In his three other first-class appearances he chipped in with the occasional wicket but was unable to take a big haul. He did however take some big wickets, including Justin Langer twice and against Tasmania he dismissed Ricky Ponting hit wicket. As Cricket Australia chief executive, Sutherland would later work alongside the Australian captain, as he did with Steve Waugh whom he also took the wicket of during his career, on his List A debut. He was part of Victoria's 1992/93 Mercantile Mutual Cup campaign and played in the Final which they lost to New South Wales.

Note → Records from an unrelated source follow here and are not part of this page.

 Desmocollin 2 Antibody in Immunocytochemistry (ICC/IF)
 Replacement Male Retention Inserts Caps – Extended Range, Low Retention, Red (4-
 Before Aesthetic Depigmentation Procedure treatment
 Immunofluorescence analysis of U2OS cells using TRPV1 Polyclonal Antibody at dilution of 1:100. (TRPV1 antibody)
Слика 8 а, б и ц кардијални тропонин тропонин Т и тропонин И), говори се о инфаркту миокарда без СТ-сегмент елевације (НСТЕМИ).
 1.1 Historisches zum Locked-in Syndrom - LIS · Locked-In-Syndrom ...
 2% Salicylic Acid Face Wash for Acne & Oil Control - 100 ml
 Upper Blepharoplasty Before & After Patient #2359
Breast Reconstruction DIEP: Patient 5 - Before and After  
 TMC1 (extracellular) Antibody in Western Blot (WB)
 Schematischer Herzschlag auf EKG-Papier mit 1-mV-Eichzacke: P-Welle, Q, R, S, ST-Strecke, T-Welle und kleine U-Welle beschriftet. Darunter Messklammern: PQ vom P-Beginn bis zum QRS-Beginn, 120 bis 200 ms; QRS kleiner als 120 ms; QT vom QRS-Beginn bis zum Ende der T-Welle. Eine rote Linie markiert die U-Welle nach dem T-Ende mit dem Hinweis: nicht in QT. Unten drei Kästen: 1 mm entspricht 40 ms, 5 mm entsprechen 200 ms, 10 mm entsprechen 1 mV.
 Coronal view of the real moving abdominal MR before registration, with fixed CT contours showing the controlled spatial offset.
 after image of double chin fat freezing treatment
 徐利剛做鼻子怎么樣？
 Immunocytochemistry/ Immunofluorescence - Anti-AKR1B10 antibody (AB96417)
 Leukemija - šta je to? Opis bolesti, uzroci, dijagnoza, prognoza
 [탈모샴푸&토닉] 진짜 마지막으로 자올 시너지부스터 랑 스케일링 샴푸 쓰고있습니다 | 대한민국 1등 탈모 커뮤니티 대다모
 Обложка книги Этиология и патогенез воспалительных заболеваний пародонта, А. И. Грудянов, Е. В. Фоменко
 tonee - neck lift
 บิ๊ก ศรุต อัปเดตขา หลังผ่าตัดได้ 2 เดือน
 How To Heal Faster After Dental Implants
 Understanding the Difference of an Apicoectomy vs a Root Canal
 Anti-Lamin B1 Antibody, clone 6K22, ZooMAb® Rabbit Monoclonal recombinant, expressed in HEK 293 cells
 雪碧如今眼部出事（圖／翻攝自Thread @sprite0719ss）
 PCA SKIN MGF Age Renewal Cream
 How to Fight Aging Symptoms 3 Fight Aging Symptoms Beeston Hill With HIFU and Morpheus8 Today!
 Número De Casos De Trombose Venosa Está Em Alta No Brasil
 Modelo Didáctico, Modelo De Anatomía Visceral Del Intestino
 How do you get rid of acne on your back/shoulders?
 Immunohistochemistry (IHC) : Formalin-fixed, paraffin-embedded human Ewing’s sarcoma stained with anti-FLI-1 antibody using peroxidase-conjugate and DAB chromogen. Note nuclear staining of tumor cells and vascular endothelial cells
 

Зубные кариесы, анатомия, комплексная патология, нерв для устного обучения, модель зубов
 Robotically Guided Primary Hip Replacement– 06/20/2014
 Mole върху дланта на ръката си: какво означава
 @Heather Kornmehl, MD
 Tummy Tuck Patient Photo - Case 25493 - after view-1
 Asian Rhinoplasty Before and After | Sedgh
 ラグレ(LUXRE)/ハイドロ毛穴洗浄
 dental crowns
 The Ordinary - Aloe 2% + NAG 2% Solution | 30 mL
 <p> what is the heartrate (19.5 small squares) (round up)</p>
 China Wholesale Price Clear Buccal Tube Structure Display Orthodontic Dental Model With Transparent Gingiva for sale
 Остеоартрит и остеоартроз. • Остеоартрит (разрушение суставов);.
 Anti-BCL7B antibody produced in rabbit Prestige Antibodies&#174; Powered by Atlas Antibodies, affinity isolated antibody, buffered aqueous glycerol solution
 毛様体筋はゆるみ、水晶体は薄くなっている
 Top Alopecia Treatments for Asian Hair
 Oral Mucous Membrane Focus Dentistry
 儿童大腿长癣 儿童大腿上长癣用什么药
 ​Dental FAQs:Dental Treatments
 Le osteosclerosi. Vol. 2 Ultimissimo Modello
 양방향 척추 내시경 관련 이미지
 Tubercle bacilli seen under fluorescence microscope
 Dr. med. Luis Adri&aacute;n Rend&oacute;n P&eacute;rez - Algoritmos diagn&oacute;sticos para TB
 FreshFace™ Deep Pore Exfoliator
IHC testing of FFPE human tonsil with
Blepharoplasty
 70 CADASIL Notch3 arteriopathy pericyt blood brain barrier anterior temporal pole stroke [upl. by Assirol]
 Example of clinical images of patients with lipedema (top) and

Sutherland is a chartered accountant who formerly worked for Ernst & Young. Following the conclusion of Sutherland's cricket career, he became a finance manager at the Carlton Football Club and was appointed as an assistant coach of Victoria in 1998/99, having become a Level III coach. Sutherland also had a stint as coach of the Melbourne University Cricket Club, where he is a life member, having played District cricket there for many years.

Sutherland joined the Australian Cricket Board, now known as Cricket Australia, as general manager in 1998. Three years later (in 2001) he replaced Malcolm Speed to become the chief executive.

On 6 June 2018, Sutherland announced his retirement, giving Cricket Australia 12 months notice to find a suitable replacement.

In 2019, Sutherland became chairman of PlayHQ, a community sport competition platform.

In August 2020, Sutherland was appointed CEO of Golf Australia.